## What is needed
Extract the whole listing as it stands. Do not include the pictures.
-.-.-
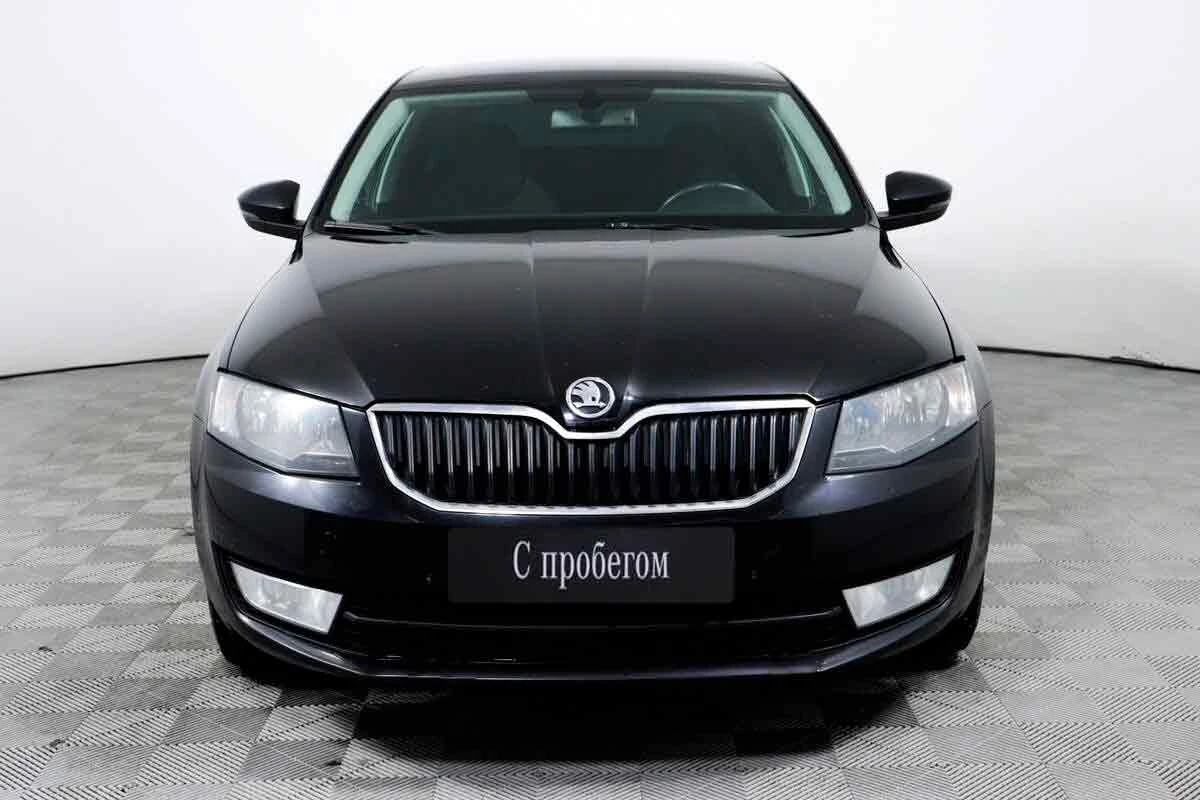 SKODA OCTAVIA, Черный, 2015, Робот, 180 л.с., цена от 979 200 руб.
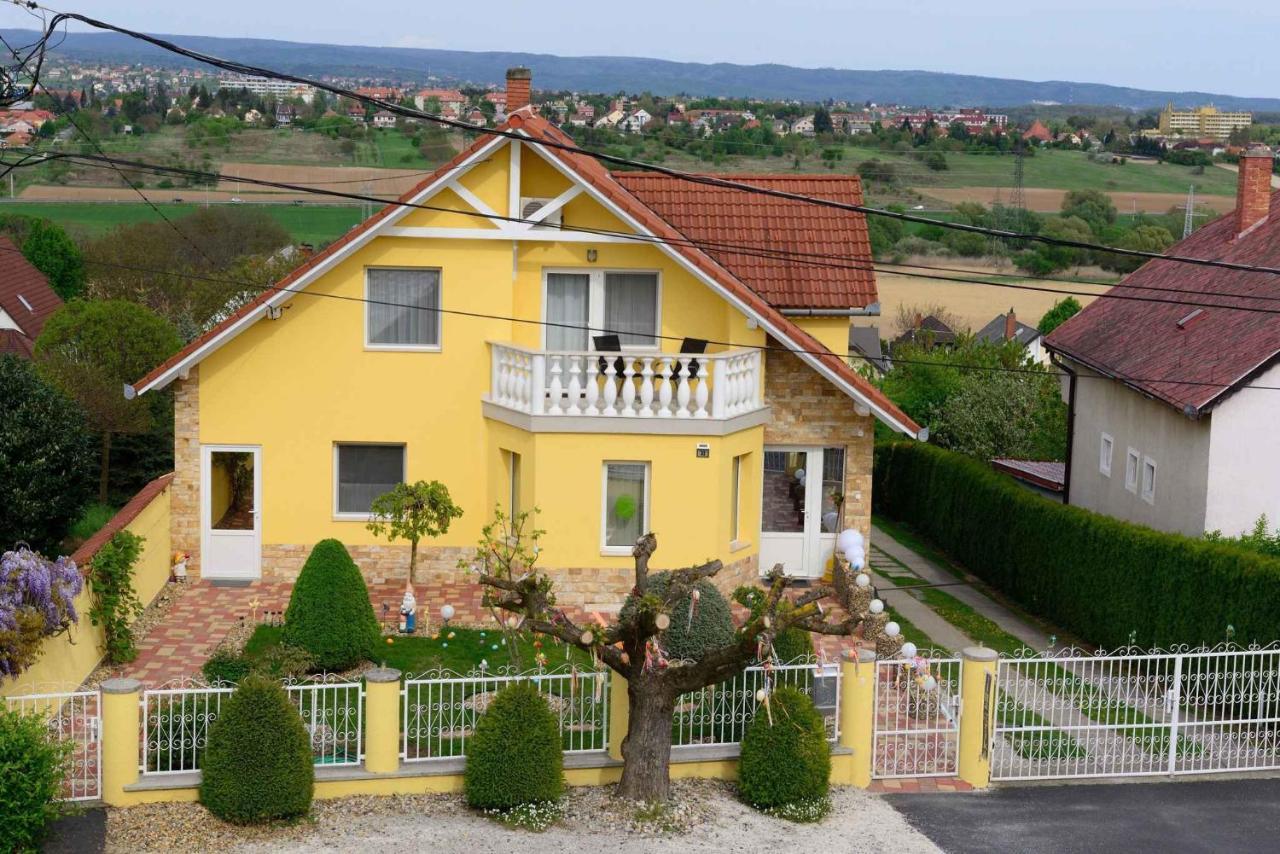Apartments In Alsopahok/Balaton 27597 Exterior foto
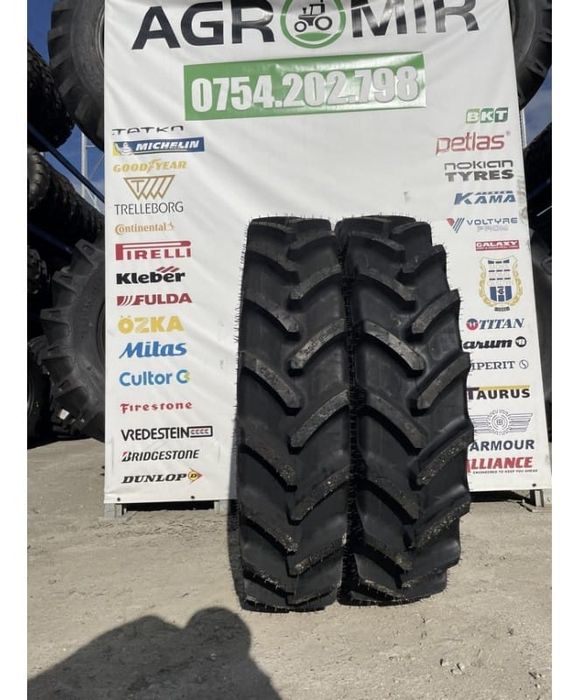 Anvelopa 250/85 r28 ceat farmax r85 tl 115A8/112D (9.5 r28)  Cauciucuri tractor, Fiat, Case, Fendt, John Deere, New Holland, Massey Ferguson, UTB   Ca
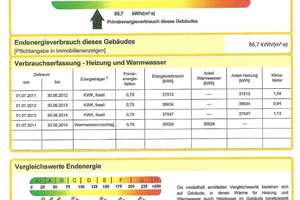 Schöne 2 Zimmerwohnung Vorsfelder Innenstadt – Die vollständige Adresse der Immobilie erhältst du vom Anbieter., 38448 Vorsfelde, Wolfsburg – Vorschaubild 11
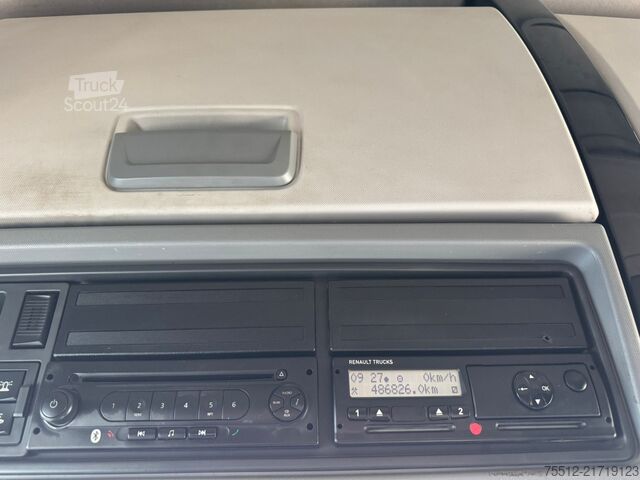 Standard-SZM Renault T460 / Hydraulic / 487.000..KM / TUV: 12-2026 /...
-.-.-
## Output of the task
 SKODA OCTAVIA, Черный, 2015, Робот, 180 л.с., цена от 979 200 руб.
Apartments In Alsopahok/Balaton 27597 Exterior foto
 Anvelopa 250/85 r28 ceat farmax r85 tl 115A8/112D (9.5 r28)  Cauciucuri tractor, Fiat, Case, Fendt, John Deere, New Holland, Massey Ferguson, UTB   Ca
 Schöne 2 Zimmerwohnung Vorsfelder Innenstadt – Die vollständige Adresse der Immobilie erhältst du vom Anbieter., 38448 Vorsfelde, Wolfsburg – Vorschaubild 11
 Standard-SZM Renault T460 / Hydraulic / 487.000..KM / TUV: 12-2026 /...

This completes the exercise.